Microorganisms from lake water (480–1,065‍ ‍mL) were collected without prefiltration on a polyethersulfone filter with a pore size of 0.22‍ ‍μm (Millipore) and stored at –20°C until DNA extraction. Total DNA was extracted using a PowerWater©DNA Isolation Kit (Qiagen) according to the protocol of the manufacturer as described in Alfreider et al. (2018) and Alfreider and Tartarotti (2019). Extraction efficiency was assessed by quantifying the recovery of the lysis buffer after the beat-beating step in each sample. These extraction factors were taken into account in the calculation of the ddPCR copy number. Quantitative PCR was performed using a ddPCR system (QX200^TM; BioRad) following the manufacturer’s instructions. Reactions for ddPCR were prepared using the QX200 ddPCR EvaGreen Supermix (BioRad) with a set-up in 96-well plates according to the protocol of the manufacturer. Two primers sets were evaluated for the quantification of Ca. Nitrotoga in PIB, targeting genes coding for 16S rRNA. A primer combination designed by Lücker et al. (2015) was tested using samples from two depths (21 and 24 m) obtained from the hypolimnion of the study site in June. These depths were selected because the 16S rRNA sequences analyzed in an unpublished investigation (NCBI database accession number PRJNA1034802) indicated the presence of Ca. Nitrotoga at this time and depth in PIB. Only one (21 m) of the two depths produced a PCR product with a very weak signal on the agarose gel; therefore, this primer pair was not used in further ana­lyses. The second primer set tested, Ntg200F/840R, was developed by Alawi et al. (2007) for the detection of the genus Nitrotoga in permafrost soils. The primer set has since been successfully used in various environmental and engineered systems, including samples obtained from aquatic environments. (Nowka et al., 2015; Figdore et al., 2018; Ishii et al., 2020; Li et al., 2020; Lantz et al., 2021). At both sampling depths of PIB, 21 and 24 m, the evaluation of the primer combination Ntg200F/840R generated PCR products of the correct length. The optimal annealing temperature for ddPCR was selected from temperature gradient experiments using temperatures between 52–63°C. The highest yield and specificity were obtained at an annealing temperature of 59°C and, thus, the primer set Ntg200F/840R was used at this temperature for all ddPCR reactions.

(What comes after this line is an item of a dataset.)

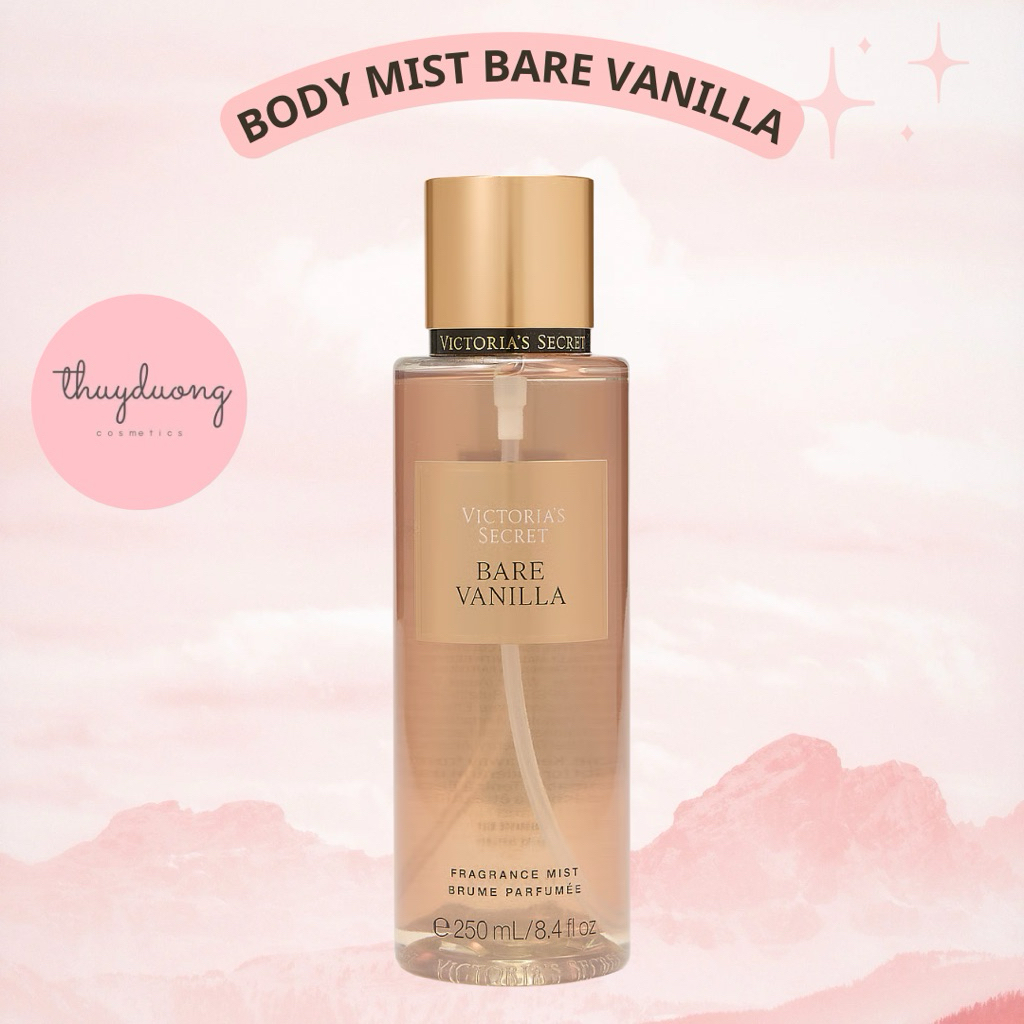 |AUTH| Body lotion dưỡng thể xịt thơm Bare Vanilla Victoria’s Secret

After droplet generation, PCR plates were heat-sealed (Pierceable Foil Heat Seal; BioRad) and subjected to PCR amplification in a T100 thermal cycler (Biorad). Cycling conditions were as follows: at 95°C for 5‍ ‍min for enzyme activation, followed by 40 cycles of denaturation at 95°C for 30‍ ‍s, primer annealing at 59°C for 30‍ ‍s, and primer extension at 72°C for 1‍ ‍min. Reaction stabilization was achieved by final steps at 4°C for 5‍ ‍min and 90°C for 5‍ ‍min. A ramp rate of 2.5°C s^–1 was used. In signal measurements, plates were analyzed using the ddPCR reader according to the manufacturer’s instructions. Raw data were further analyzed using QuantaSoft^TM Software 1.7.4. (BioRad). Quality control included non-template controls and an examination of the reliability of automated threshold settings by QuantaSoft software.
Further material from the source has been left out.